View of Cape Townshend taken from Mount Westall, March 1802

(Working entry covering the Westall Australian group, January 2018, for which only some online images are currently available.)

This is one of the ten paintings of Matthew Flinders' Australian voyage (1801-03) that the Admiralty had from Westall, as the landscape artist accompanying it (ZBA7914, 7935-7936, 7938-7944): they are usually said to have been commissioned from 1809 and completed over the next three years. This one was exhibited at the Royal Academy in 1810 under the title 'Distant view of the Islands of Cape Townsend, from a mountain near Cape Manifold, on the east coast of New Holland, long 150°, lat. 22°, discovered by Capt. M. Flinders etc., March 1802'. (Flinders in fact named the mountain for Westall after saying he would do so for whoever reached the top first, which the latter did.) Cape Townshend is the more usual spelling, the location being on the coast of Queensland. Westall had also previously exhibited another close-by Queensland location in 1805 - apparently speculatively - 'View of the Bay of Pines, New South Wales, long. 150 30', lat. 22 20', discovered by Captain M. Flinders in His Majesty's ship Investigator, Feb., 1802'. He also showed a drawing of this subject at the British Institution in 1807 with a framed size of 34 x 43 inches. His subsequent Australian subjects at the Academy were ZBA7941 and ZBA7944 in 1812, and the last exhibited there was in 1826: 'Cape Wilberforce, looking into the Gulf of Carpentaria from the Indian Ocean, Australia, discovered by the late Captain Flinders in H.M. ship Investigator. The rocks are a formation of sandstone with quartz cement of a compact structure.' This geologically dramatic composition was also shown at the British Institution the following year and is now in the National Gallery of Australia.

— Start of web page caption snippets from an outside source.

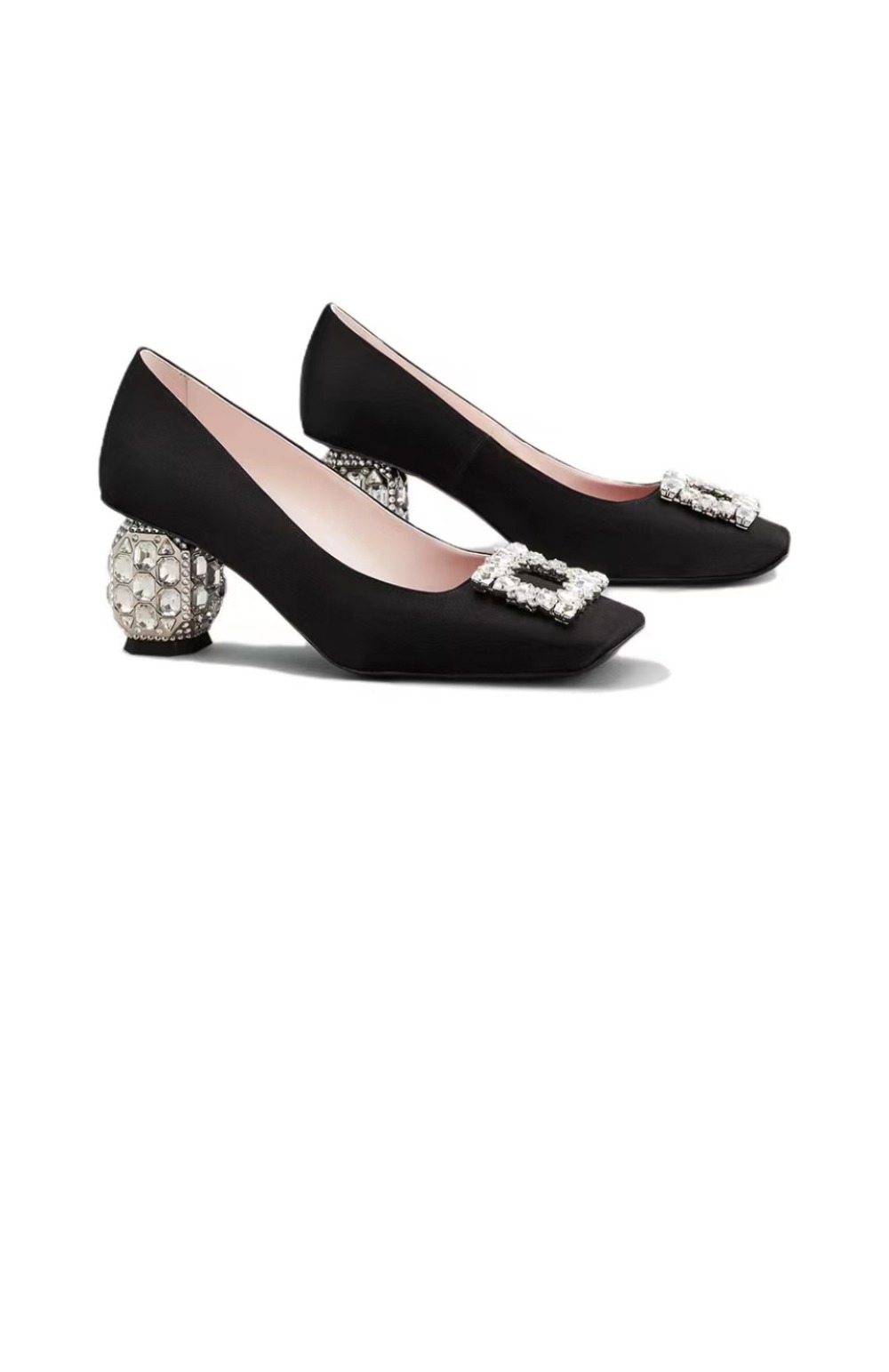 미러급레플리카사이트 | 명품레플리카 전문 쇼핑몰  | 퍼스트원 - 펌프스 힐 6853 > 로저비비에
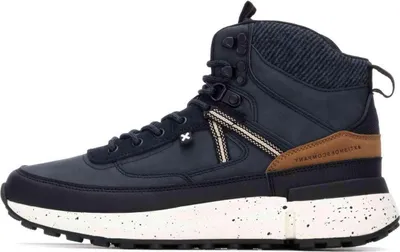 Image de Bottines XTI 144732-NAVY pour Homme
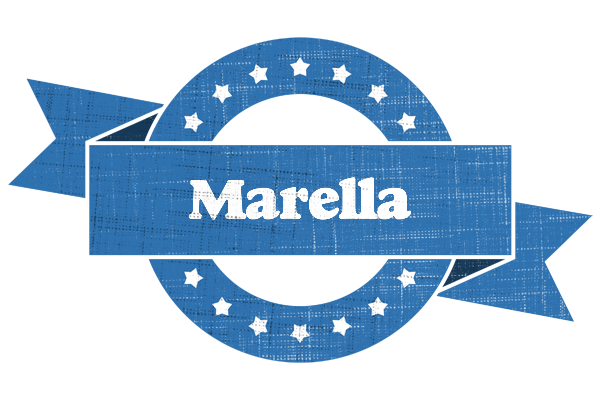 Marella trust logo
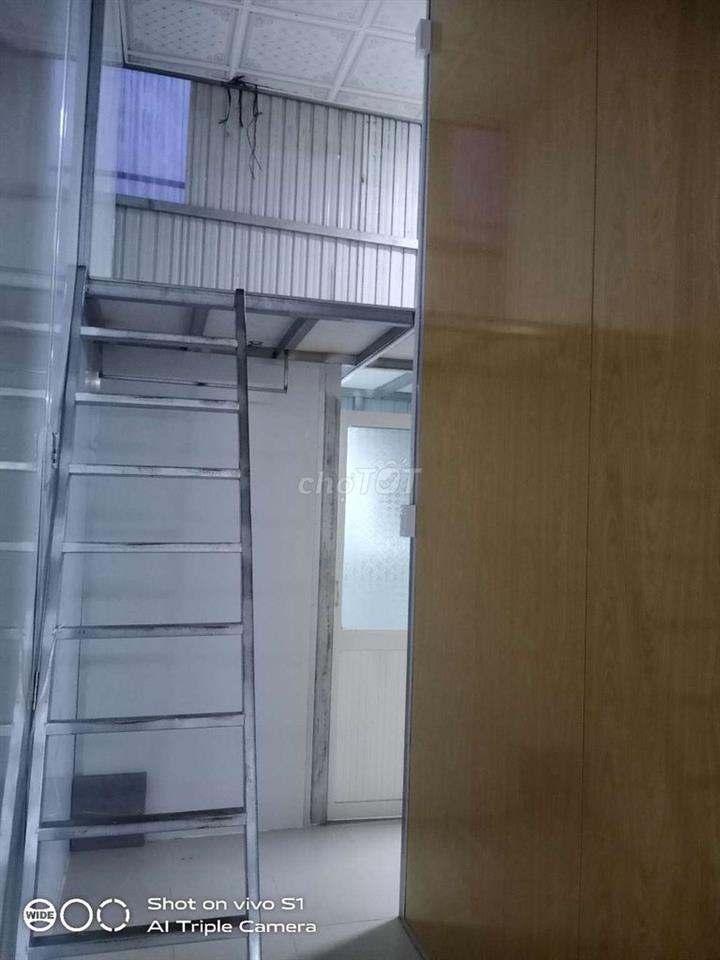 Cho thuê mặt bằng kinh doanh nguyên căn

The slight mystery of the 'Admiralty set', is that there are ten, rather than the nine usually said to have been commissioned based on Westall's discussion with Sir Joseph Banks on appropriate subjects. Only eight of these were subsequently engraved for Flinders' 'A voyage to Terra Australis' (2 vols, 1814) and all Westall's nine plates in that were also separately issued in 1814 as his 'Views of Australian Scenery'. The present painting and ZBA7939 were not engraved, while the original view of Port Jackson which made the ninth print appears not to have been the Admiralty's. If the Admiralty indeed commissioned only nine oils, it may initially have purchased one that Westall painted speculatively - probably this one as the earliest of the group - before asking for more. Significantly perhaps, the 1810 RA catalogue entry does not expressly say it was painted for the Admiralty: those for the other two shown in 1812 do, in grandiloquent terms. Alternatively, the Admiralty may have obtained either this one or ZBA7939 later, in some way no longer clear. All ten paintings were transferred to the National Maritime Museum in 2017, on dispersal of the Ministry of Defence Art Collection to alternative care.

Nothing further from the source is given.